Quote:As a side note, are you sure about WoW? I only played it for a short time and didn't do any real marketeering but I'm 99% sure it provided no information on sales history. The only advantage it had over CoH that i could see was that you could use a 3rd party mod to scan all auctions and make a record for you to track prices with.
But I had access to all the data I could ever want, whether via their interface or some wildly popular add-on. -
Quote:The assumption that the system is somehow to blame for human nature, or that a system redesign will cure players of their impatience and lack of interest in the workings of the market is simply ignoring reality.However I agree with you that an overhaul to the market interface to make time based information more readily available would be very good (i.e. let me see the last 24 hours sales, or the last week, or the last months if I want to). I don't think it would eliminate marketeering as a profitable pursuit since it relies at least as much on impatience and laziness as it does the opaqueness of the market. I'll admit it would probably decrease profits on some activities (especially flipping salvage).
Low information BUY IT NAO customers are epidemic in any game market regardless of how much or how little information it provides. When I played WoW flipping was just as easy and profitable as it is here in spite of delivering all the sales history anyone could wish for. The exact same tricks worked in the exact same way.

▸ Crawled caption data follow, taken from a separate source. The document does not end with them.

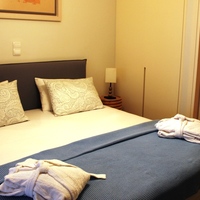 Villa in Greece, Crete, 120 sq.m.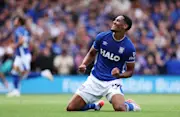 Sunderland Daily 20260824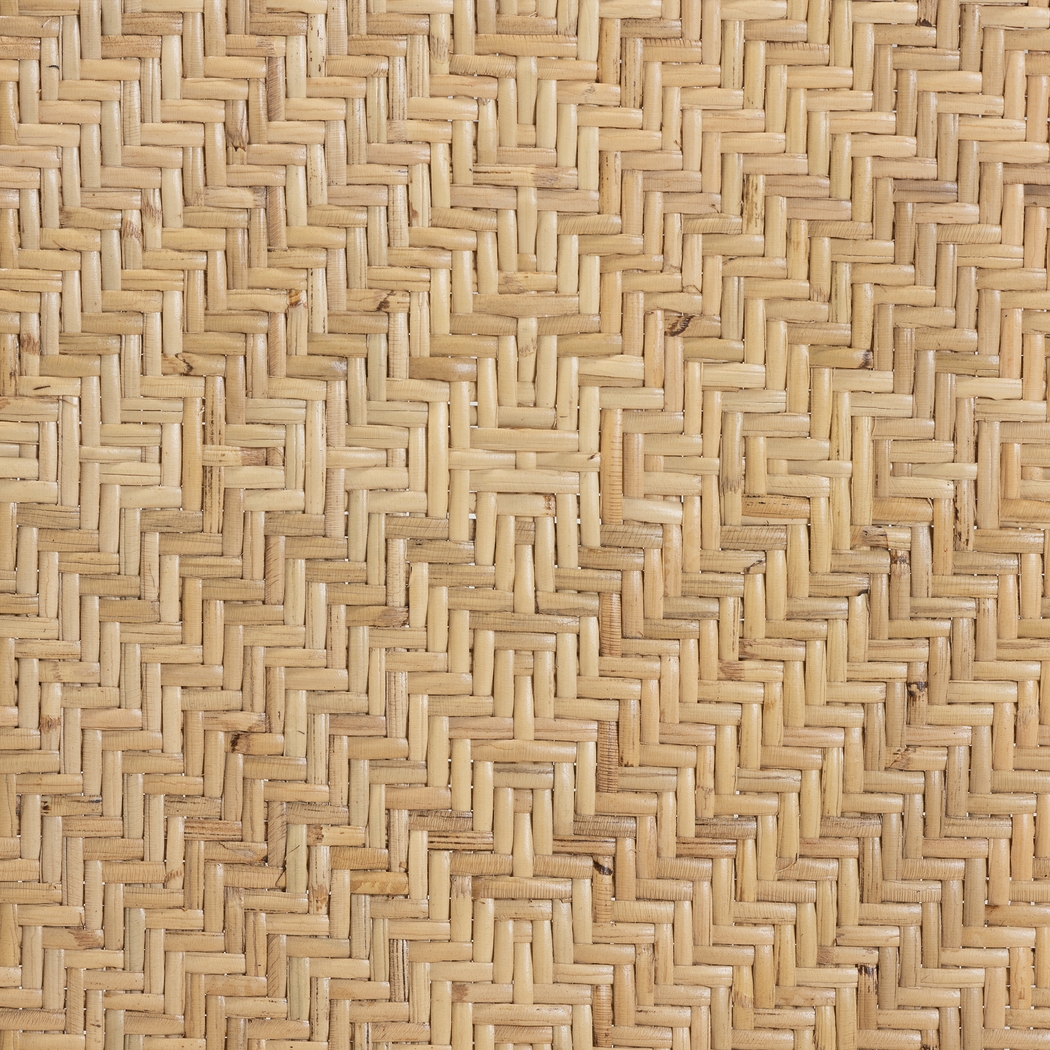 Wehrle Brown Counter Stool - Thumbnail - Image 9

People who value their game time over their play game money will always "overpay" for the stuff they want, regardless of what interface they're presented with. -
Quote:there's nothing complex or difficult about our market, and the lack of transparency was a design choice.You're either ignoring some important factors, or have a different definition of level playing field than I have. In general, lack of transparency, obtuse cycles, complex feedback, difficult interfaces, and similar factors give strong advantages to manipulators over occasional consumers.
The myth of "teh eeebil manipulator" preying on "the innocent casual gamer" is dumber than a zombie and harder to kill. -
Quote:OK, you both did a good job capturing what was unformed in my head. I "knew" level 50 recipes seemed to be in stable supply, but couldn't put my finger on why. Probably because I always roll in the 30-34 or 35-39 range.
I roll tickets in 35-39 range hoping for the big strike, but I generate far fewer merits, so those I roll at 50.
Glad to be of service! -
Quote:most of the supply is at 50 because that's where the farmers are, and supply at lower levels has been diminished by all of the increases in levelling speed we've gotten over the last while.The other big thing I have noticed is that supply of recipes that cap out at 40 have nearly dried up (Touch of Death I'm looking at you). These seem to be coming into the market slower - a combination of things I imagine, but not sure I can put my finger on it.
Plus the way tickets & merits work creates "clusters" at certain levels.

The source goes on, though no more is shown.